Il convient en outre de relever que le préfet ne disposera plus désormais que de quinze jours, dans la phase d'enquête publique, pour requérir du président du tribunal administratif la désignation d’un commissaire-enquêteur (ou d’une commission d’enquête), puis de quinze jours pour décider de l'ouverture de l'enquête publique à compter de la désignation de ce dernier.

L’enquête publique permettra au public de disposer d’une vue d’ensemble sur le projet puisque tous ses aspects (permis de construire dans le cadre de la « grande autorisation unique », défrichement, énergie, espèces protégées etc…) y seront traités.

Le projet de décret précise également les voies et délais de recours applicables. Un « double délai », assez original est ainsi instauré. Tout d’abord, un délai de recours applicable à la décision d’autorisation elle-même, à savoir deux mois à compter de la notification de l'arrêté à l'exploitant (ou de sa publication pour les tiers), en parallèle un délai de six mois, à compter de la mise en service de l'installation, applicable aux recours à l’encontre des prescriptions imposées à l’autorisation.

La volonté du ministère de l’Ecologie est ainsi de « permettre d’une part, d’assurer une plus grande sécurité juridique aux autorisations délivrées aux porteurs de projet, tout en permettant aux tiers intéressés de faire valoir que les prescriptions imposées sont insuffisantes ».

Comme l'autorisation ICPE actuellement en vigueur, l'autorisation unique sera frappée de caducité si l'installation n'a pas été mise en service dans un délai de trois ans à compter de sa délivrance. Dans la mesure où, pour les projets éoliens, les délais de raccordements électriques peuvent être supérieurs à trois ans, le décret permet à l'exploitant de demander la prolongation de son permis de construire et de son autorisation ICPE (pour une durée maximale de dix ans incluant le délai originel de trois ans) lorsque ces autorisations n'ont pas pu être mises en œuvre « pour des raisons indépendantes de sa volonté » uniquement.
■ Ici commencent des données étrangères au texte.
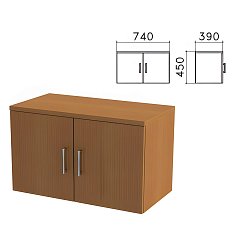 Шкаф-антресоль "Монолит", 740х390х450 мм, цвет орех гварнери, АМ01.3 фото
Enfin, concernant les ICPE soumises à la procédure de « petite autorisation unique », cette dernière ne valant pas permis de construire, des mesures d’articulation sont prévues par le décret, afin d’assurer une cohérence de l’action étatique.

Parmi ces mesures, l’on peut notamment citer :

- L’obligation de déposer simultanément les demandes de permis de construire et d’autorisation unique;
- La possibilité d’obtenir délivrance du permis de construire avant la décision sur l’autorisation unique dès lors que son exécution est différée jusqu’à la fin de l’enquête publique sur l’autorisation unique ;
- Le délai d’instruction du permis de construire (trois mois normalement) sera prolongé jusqu’à cinq mois de façon à ce que le maire ne soit pas obligé de prendre une décision sur un projet non stabilisé ;
- La consultation de l’ABF réalisée dans le cadre du permis de construire vaudra également pour l’autorisation unique et sera transmise au préfet ;
- Par dérogation à la réglementation actuelle, le permis de construire pourra être délivré avant l’autorisation de défrichement, puisque cette dernière est intégrée à la « petite autorisation unique ».

L’adoption de l’ordonnance permet d’ores et déjà d’entrevoir les grandes lignes de la réforme. L’adoption de ce qui n’est aujourd’hui encore qu’un projet de décret permettra de connaître les mesures définitives de la réforme et d’en mesurer pleinement les impacts sur les projets d’ICPE.